To display output of 10 character(N character) of each line


$ cut -c 10 passwdfile
x
5
x
$

To display output of 5 and 10 characters(N,M characters) of each line


$ cut -c 5,10 passwdfile
ux
b5
px
$

To display output from 5th to 10th characters(N-M characters) of each line


$ cut -c 5-10 passwdfile
user:x
ba:x:5
pter:x
$

To display output upto 10th character(-M charcters) of each line



$ cut -c -10 passwdfile
unixuser:x
oradba:x:5
scripter:x
$

To display output from 10th character(N- charcters) to end of the each line


$ cut -c 10- passwdfile
x:501:506:Unix User:/home/unixuser:/bin/bash
502:506:DBA User:/home/oradba:/bin/bash
x:1658:506:Scripter World:/home/scripter:/bin/bash
$

Unix cut -d option and Unix cut -f option
-d The character following -d is the field delimiter . Default is tab. Space or other characters with special meaning to the shell must be quoted. delim can be a multi-byte character.

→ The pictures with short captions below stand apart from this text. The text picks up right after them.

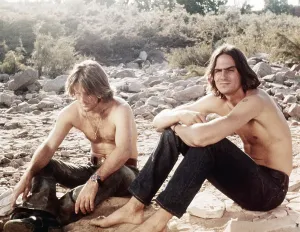 Barechested Prints: TWO-LANE BLACKTOP, from left: Dennis Wilson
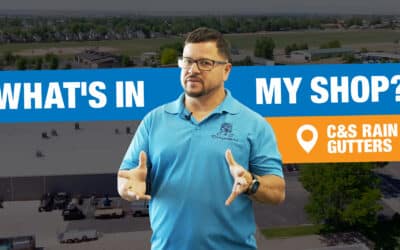 Take A Tour With A Seasoned NTM Gutter Machine Owner In His Shop!
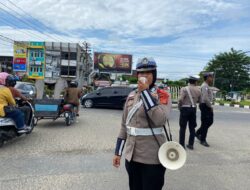 Satlantas Polres Lhokseumawe Ajak Masyarakat Tertib Lalu Lintas Lewat Penyuluhan Keliling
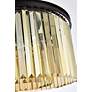 7_Sydney 8 Lt Matte Black Chandelier Golden Teak more views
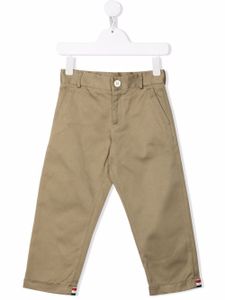 Thom Browne Kids pantalon chino à rayures RWB - Marron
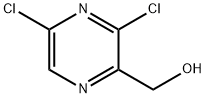3,5-二氯吡嗪-2-甲醇 结构式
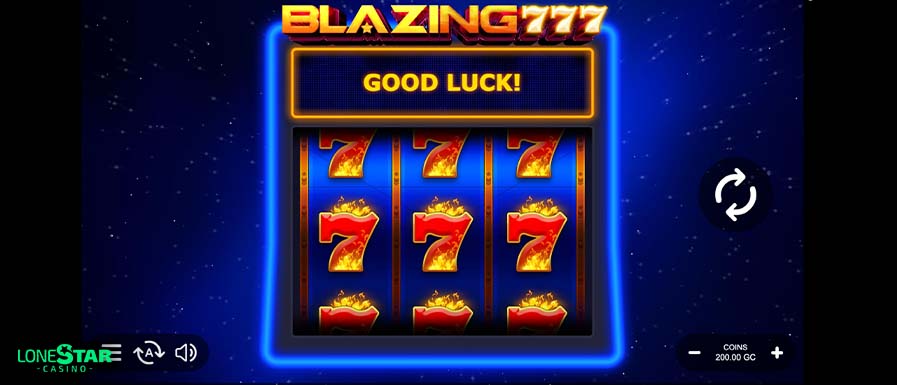 Blazing 777 slot game screenshot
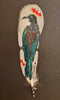 Beth McGill. Painted on a feather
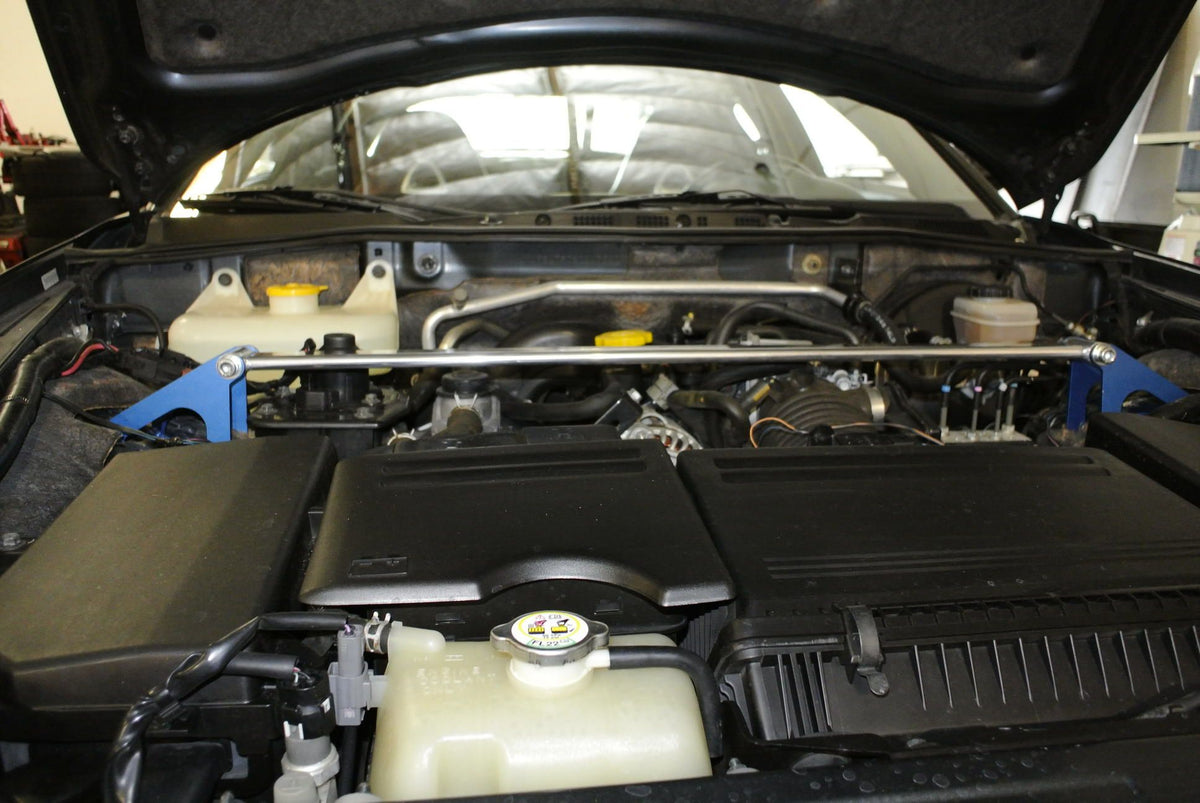 Megan Racing Strut Bar Front for 2004-2011 Mazda RX8 Race Spec 1 Piece Racing Style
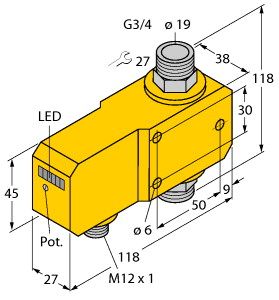 流量报警 FCI-D20A4P-AP8X-H1141图片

-f specifies the fields to display from the list of fields formed from the input data separate by delimter(-d) .Fields are counted from one and separate multiple values by comma (,)

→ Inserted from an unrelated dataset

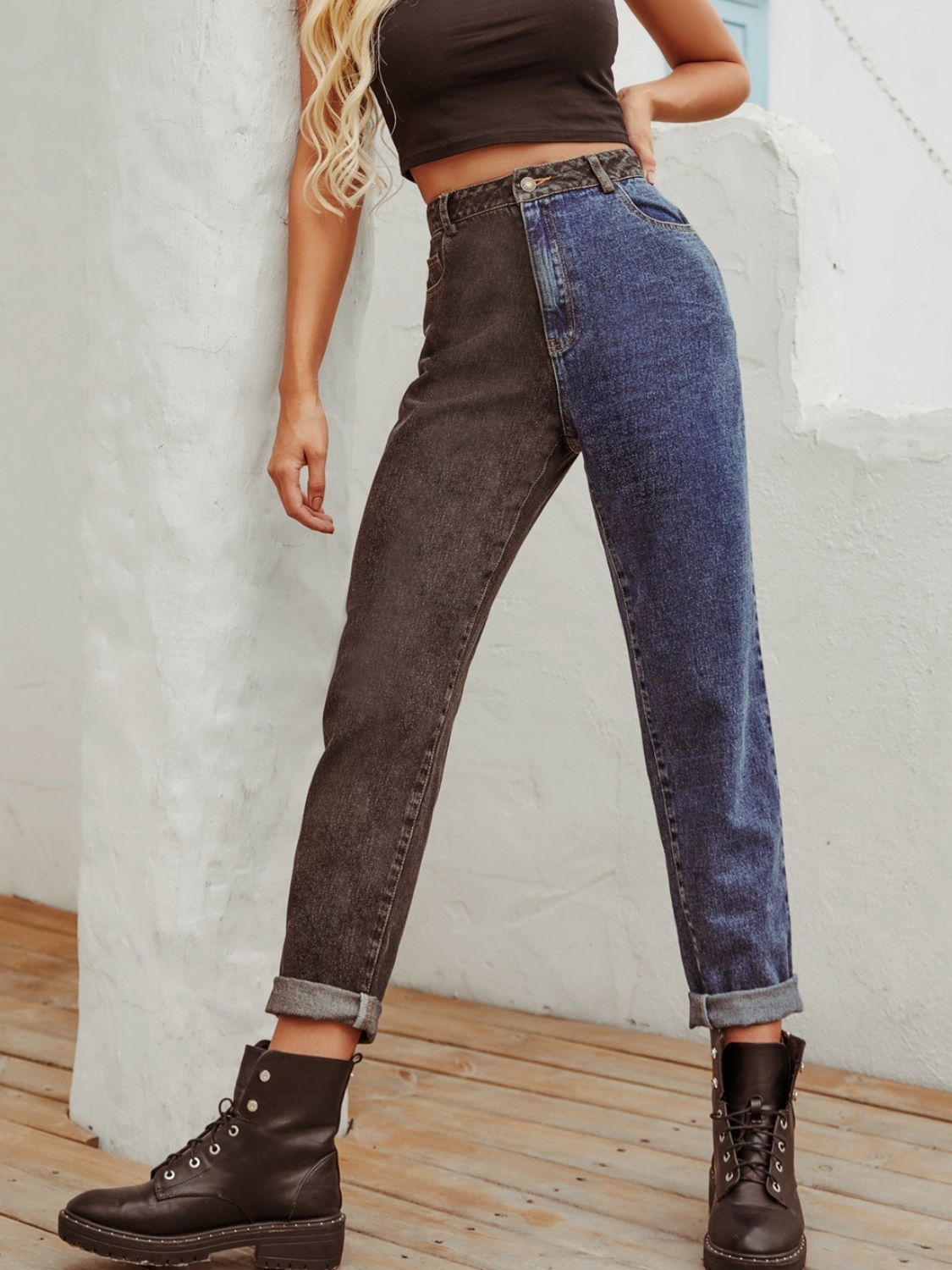 Jeans for Women Straight Cut Comfortable Denim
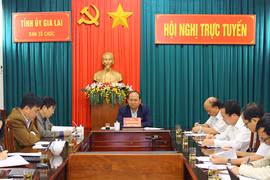 Hội nghị trực tuyến quán triệt, triển khai một số văn bản mới của Trung ương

To get the user description(5th field) from our example file passwdfile use unix cut -d -f options at once

Use : as delimiter and display 5th field


$ cut -d ":" -f5 passwdfile
Unix User
DBA User
Scripter World
$

To display user description(5th filed) and user home directory(6th field) use comma with ":" as delimiter


$ cut -d ":" -f5,6 passwdfile
Unix User:/home/unixuser
DBA User:/home/oradba
Scripter World:/home/scripter
$

To display fields up to user description in our passwd file ,use - before the user description(5th filed) field


$ cut -d ":" -f-5 passwdfile
unixuser:x:501:506:Unix User
oradba:x:502:506:DBA User
scripter:x:1658:506:Scripter World
$

To display fields from user description ,Use - after the user description(5th filed) field


$ cut -d ":" -f5- passwdfile
Unix User:/home/unixuser:/bin/bash
DBA User:/home/oradba:/bin/bash
Scripter World:/home/scripter:/bin/bash
$

Unix cut last character
To display a last character of a string

STRING="unixuser:x:501:506:Unix User:/home/unixuser:/bin/bash"
echo ${STRING} awk '$0=$NF' FS=


$ STRING="unixuser:x:501:506:Unix User:/home/unixuser:/bin/bash"
$ echo ${STRING} awk '$0=$NF' FS=
h
$


Use cut last field or column
To display a last field of a string with a delimter (Here delimter is ":" colon)

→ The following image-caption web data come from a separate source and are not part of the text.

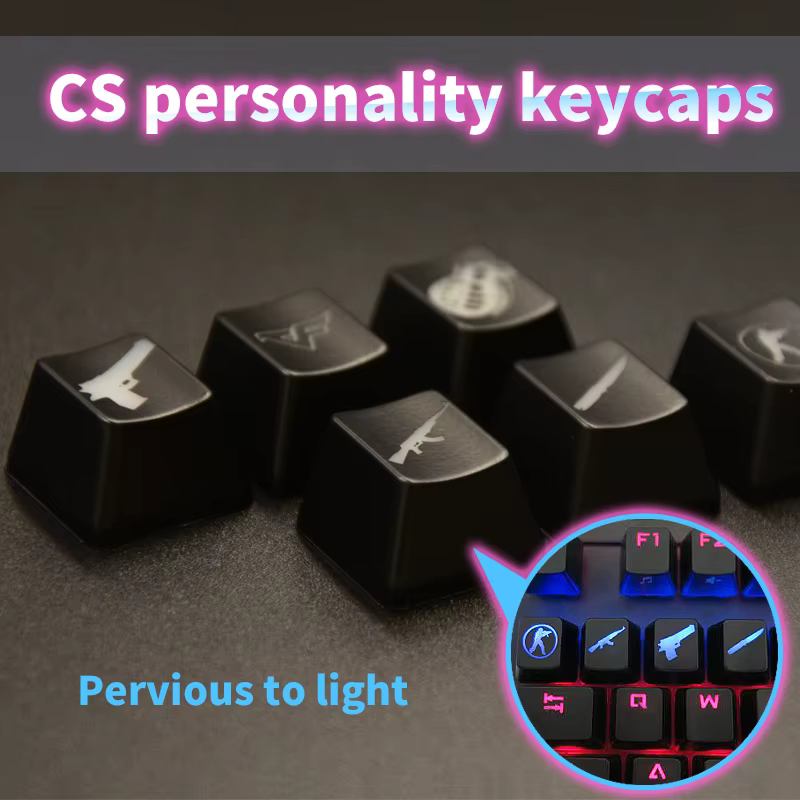 Capuchons de touches de jeu CS GO CF, accessoires de clavier de jeu, capuchon ABS pervifs pour clavi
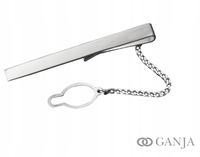 Spinka srebrna do krawata 925+GRAWER SK16 ŚLUB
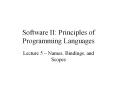 Software II: Principles of Programming Languages PowerPoint PPT Presentation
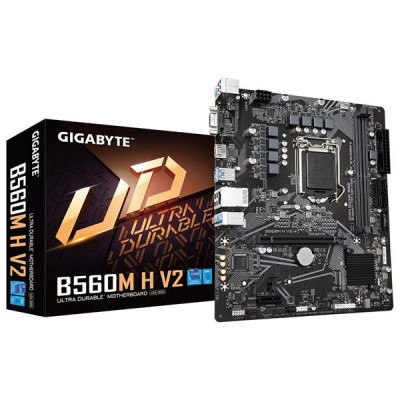 GIGABYTE B560M H V2 DDR4 HDMI PCIE 4.0 1200P V2 MATX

STRING="unixuser:x:501:506:Unix User:/home/unixuser:/bin/bash"
echo ${STRING} awk '$0=$NF' FS=":"


$ STRING="unixuser:x:501:506:Unix User:/home/unixuser:/bin/bash"
$ echo ${STRING} awk '$0=$NF' FS=":"
/bin/bash
$


The external cut command displays selected columns or fields from each line of a file. It is a UNIX equivalent to the relational algebra selection operation.  If the capabilities of cut are not enough, then the alternatives are AWK and  Perl.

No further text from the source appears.